Sunday, July 12, 2009

Witness Protection Program



Dear Readers:

It has been exactly a week since the disastrous lock-down incident of 2009. Although many paws and hands are pointing in my direction, I swear the crime was purely unintentional. Please let me explain my side of the story, as there is an unnamed striped individual who is misinterpreting the event.

First let me introduce myself: My name is Mr. H. The "H" is provided for my protection, and for your information, it stands for anything other than Hemi. As you can see from my picture, as I am a dangerous ladies' man, they are protecting my eye-dentity.

OK, here's what happened: Mom and a group friends were having a BBQ on the patio. They closed the sliding glass door so that smoke wouldn't get into my eyes and in the house through the screen door. Besides, I don't like having my tuxedo reek of charred mammal flesh in briquette.

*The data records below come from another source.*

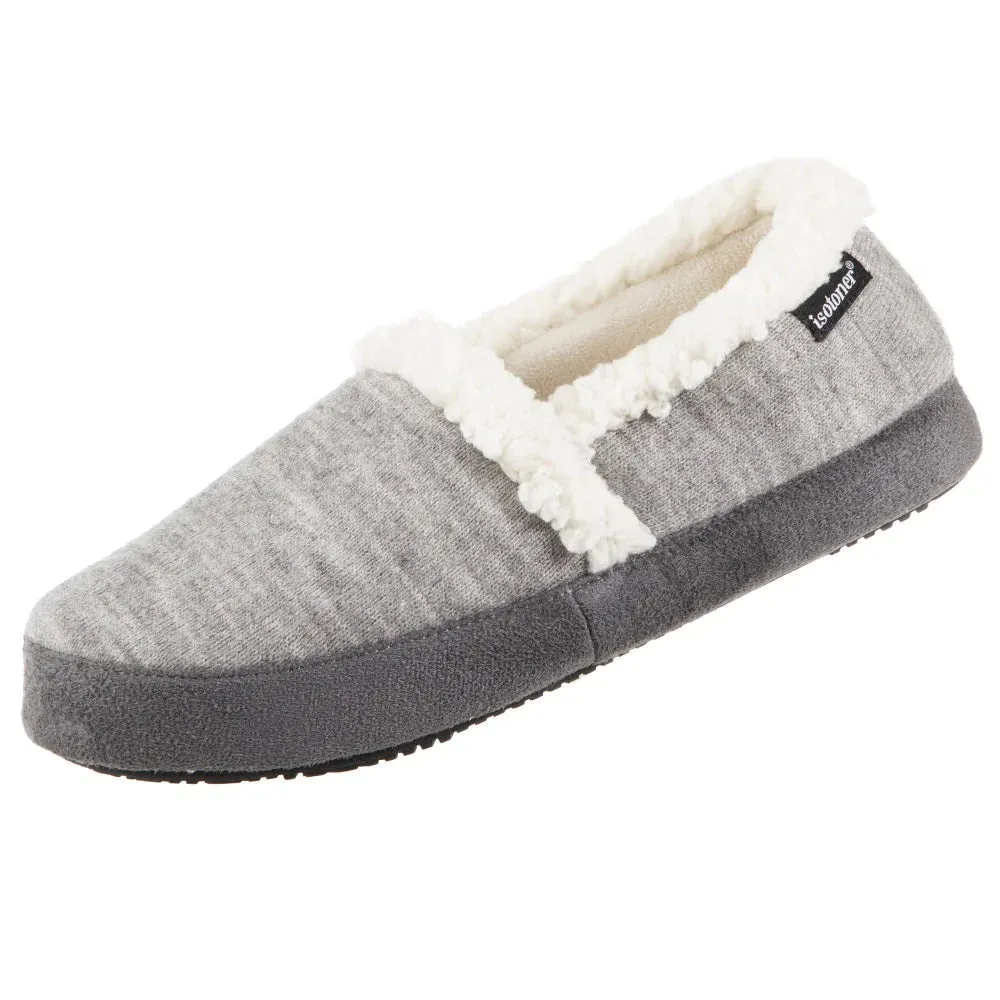 New with tags! Isotoner Women’s Microsuede Marisol Closed Back Slippers in Light Grey, Sz S 5-6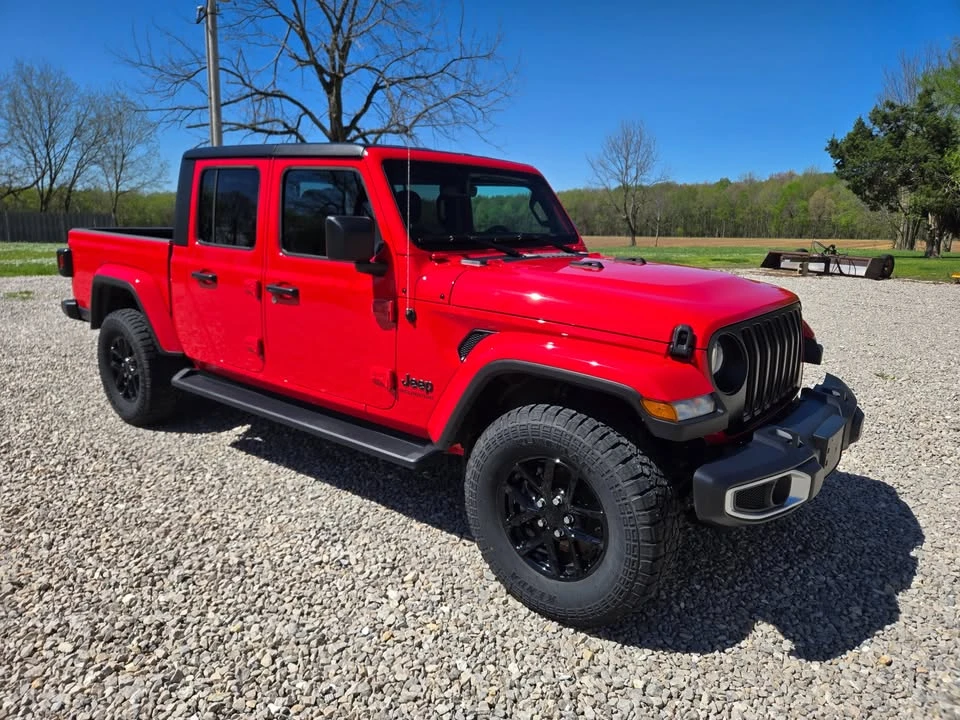 2023 Jeep JT Gladiator - Image 5 of 19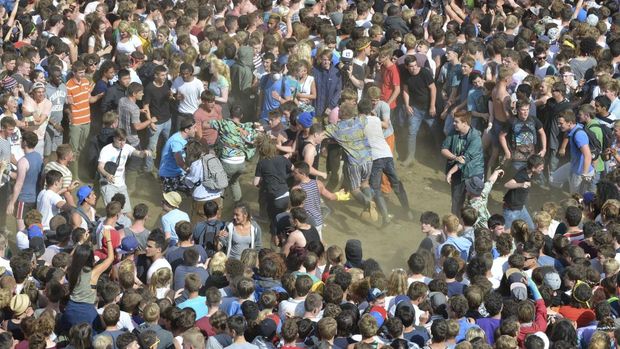 READING, ENGLAND - AUGUST 25:  A crowd of festival music fans create a mosh pit during Reading Festival 2012 at Richfield Avenue on August 25, 2012 in Reading, United Kingdom.  (Photo by Andy Sheppard/Redferns via Getty Images)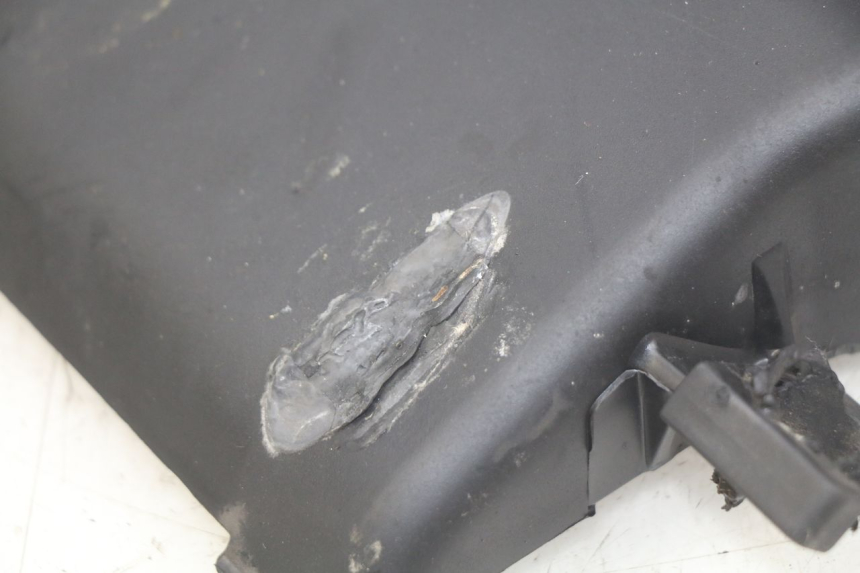 photo de OBUDOWA ZAPŁONU PIAGGIO VESPA PRIMAVERA 2T 50 (2013 - 2018) - Punkty mocowania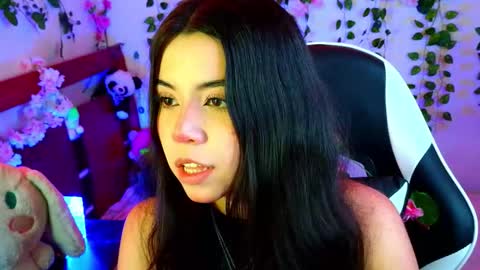 Kittyuwu  online show from October 2025 06:16:01 PM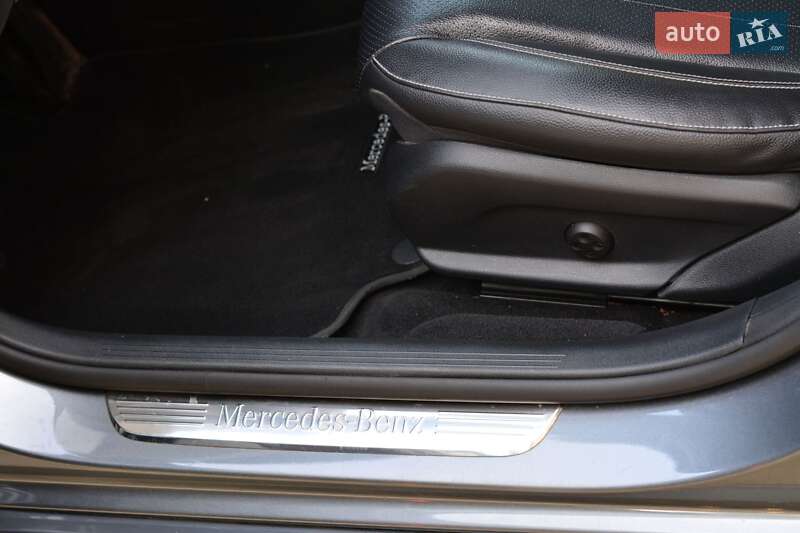 Седан Mercedes-Benz E-Class 2016 в Кривому Розі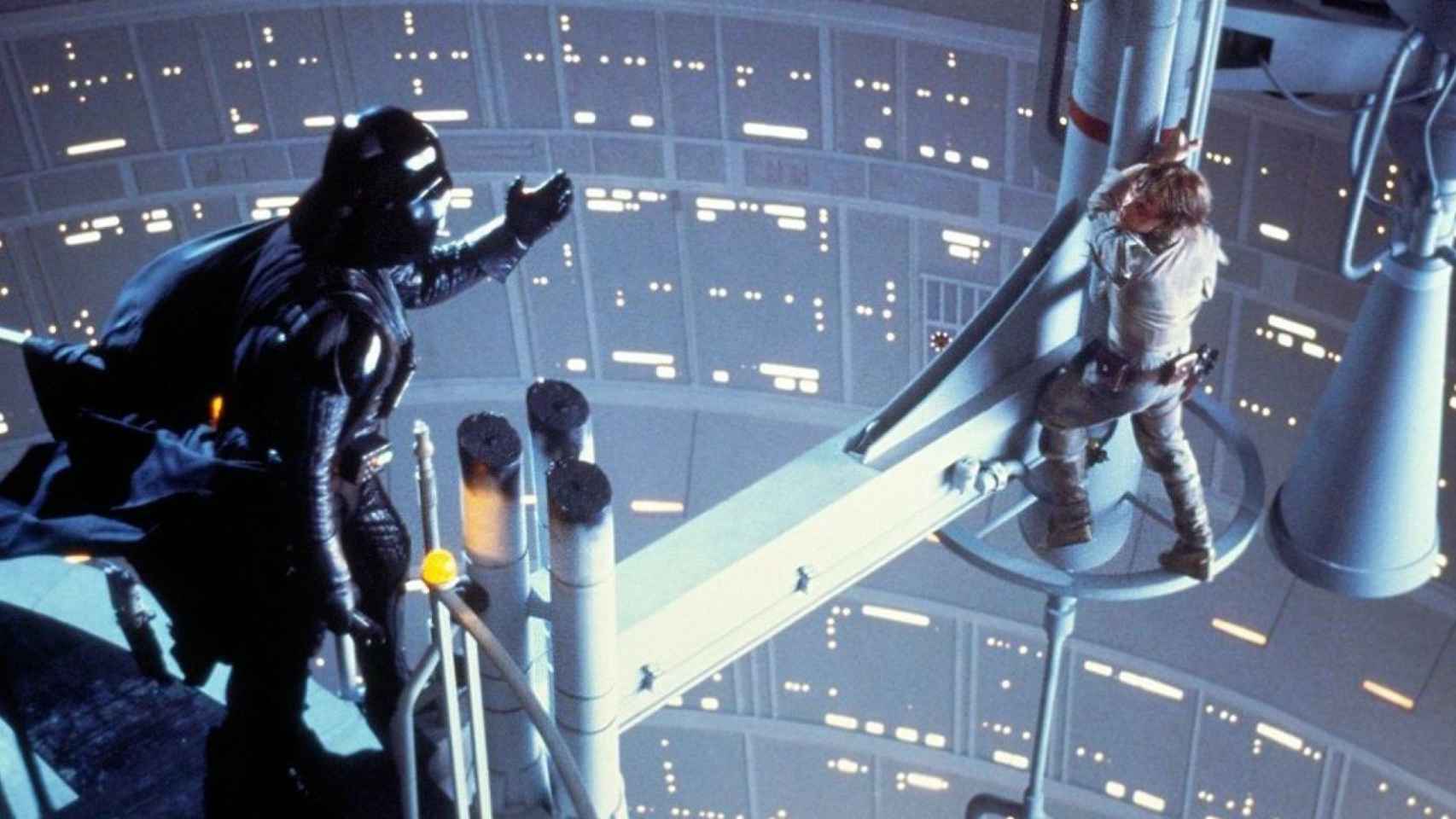 Darth Vader y Luke Skywalker en uno de los fotogramas míticos de Star Wars.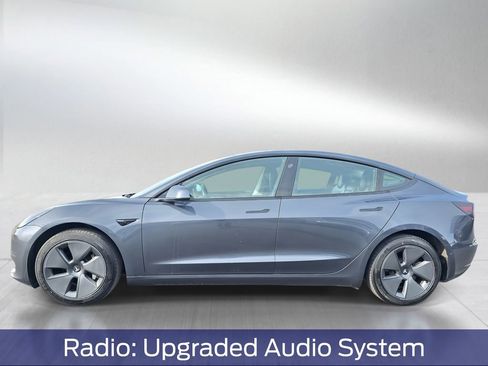 Used 2021 Tesla Model 3 Standard Range Plus RWD image 3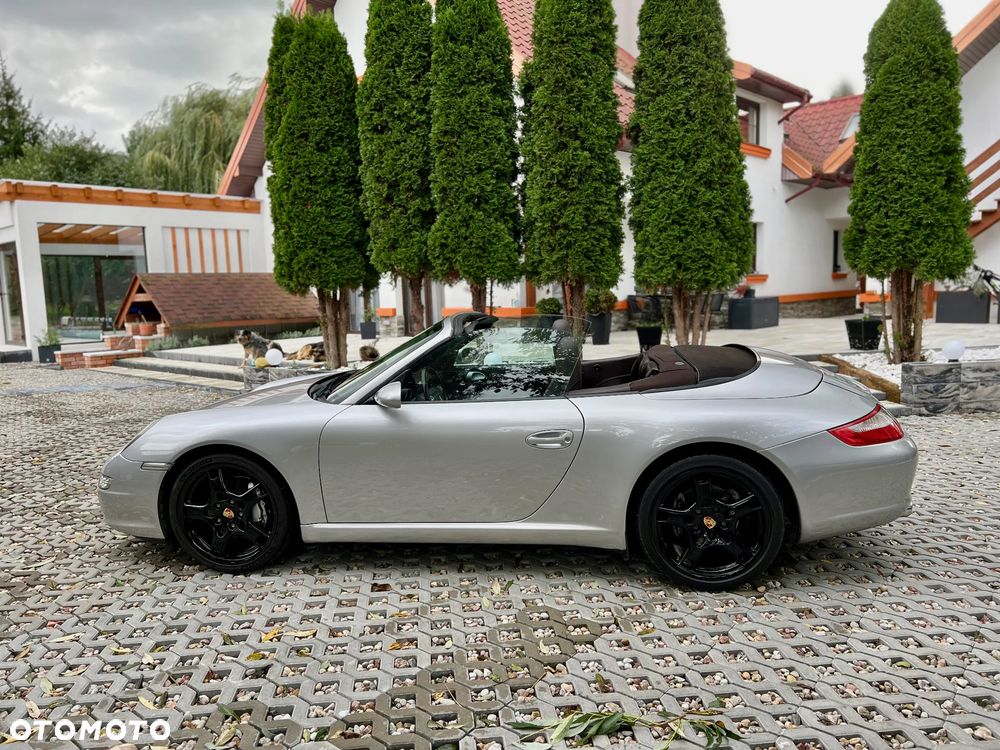 Porsche 911 Carrera - 16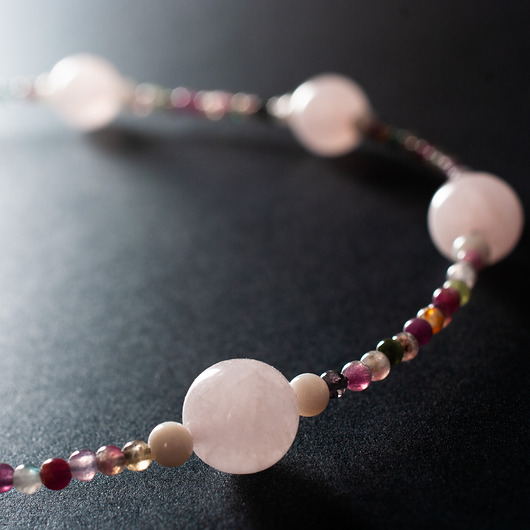 kolie Pastelowy naszyjnik z kwarcem różowym, turmalinem i masą perłową. [PN17]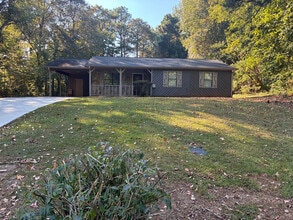 Room in House on Feather Dr in Douglasville, GA - Building Photo - Building Photo
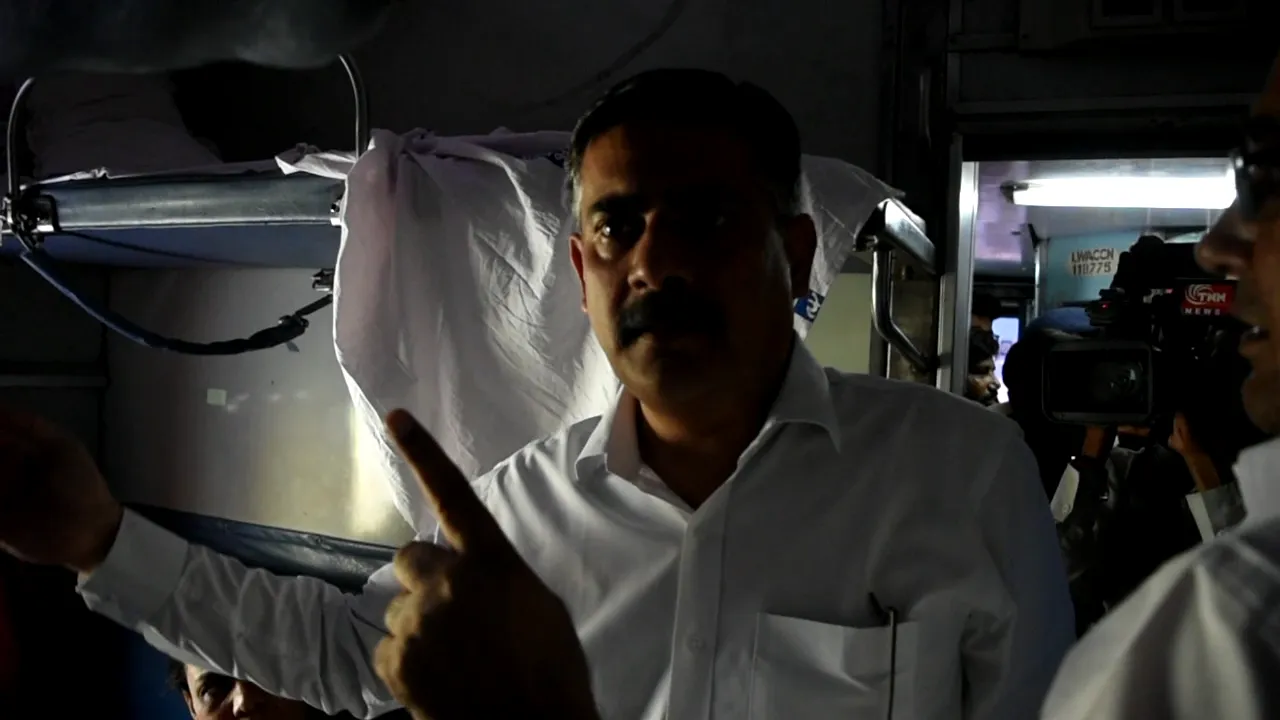 Passengers on board Bandra bound express train show their ire for AC failure in coach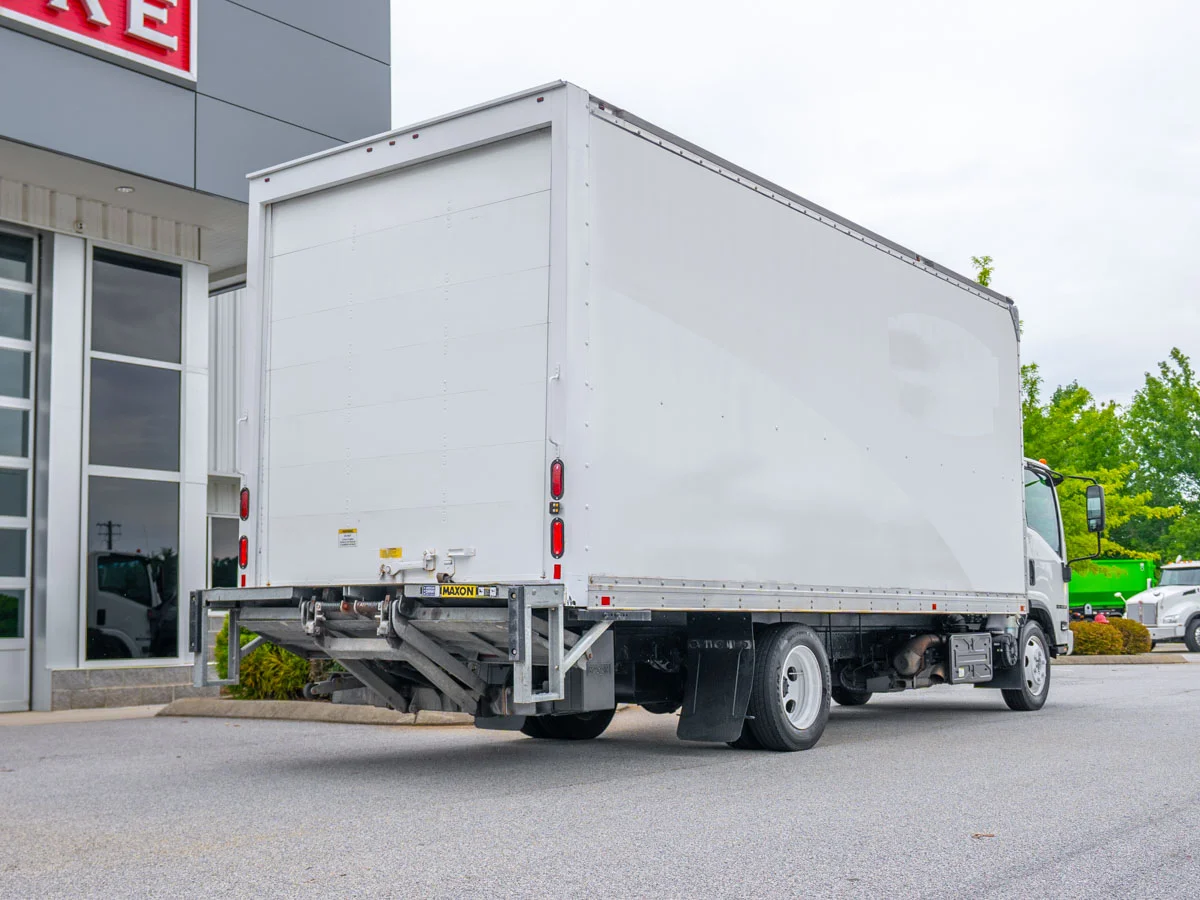 2022 Isuzu in Duncan, SC — photo 7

Also, we cats tend to push on the screen door, causing mom to fear that I and a certain tabby individual by the name of "C" might venture outdoors. So she made sure the sliding glass door was unlocked, and she shut it.

From a previous experience, I have learned how to box quickly and furiously. I was using my newly found techniques and wily ways to get attention from the humans. So I rat, tapped, tapped fast and repeatedly on the sliding glass door. I've even improved my techinque by managing a good rhythm on the door.

The guests starting pointing and laughing, thinking I was "cute," and quite the little drummer boy. (By the way, I'm planning to start my own cats-only garage band, but that will be covered in a future posting).

Basically -- and I'm ashamed to admit it -- the lock to the sliding glass door that I was boxing jiggled shut, locking mom and her friends outside. The front door was also locked, and so was the garage door.

I overheard mom saying a certain feces word and scratching her head, wondering how she was going to get into the house. And I was thinking, I could use a head scratching. And I could use some food. And then, to my horror, I couldn't get either a head scratching nor a bowl of kibble until mom figured out the solution to HER problem.

After all, she didn't have to close the sliding glass door and should've repaired the lock so it could stay put.

Luckily, the key to mom's car was in her pocket, and she was able to get into her car, open the garage, and get into the house.

I was so happy to see her because I was hungry.

And I'm still in trouble and am on the lamb. Which reminds me that I'm hungry for lamb. Gotta go now.

M for now,

H (stands for anything but Hemi)


  1. Hemi thanks you for supporting his blog, although his story is that he did not write this most recent posting. That's his story, and he's sticking to it!!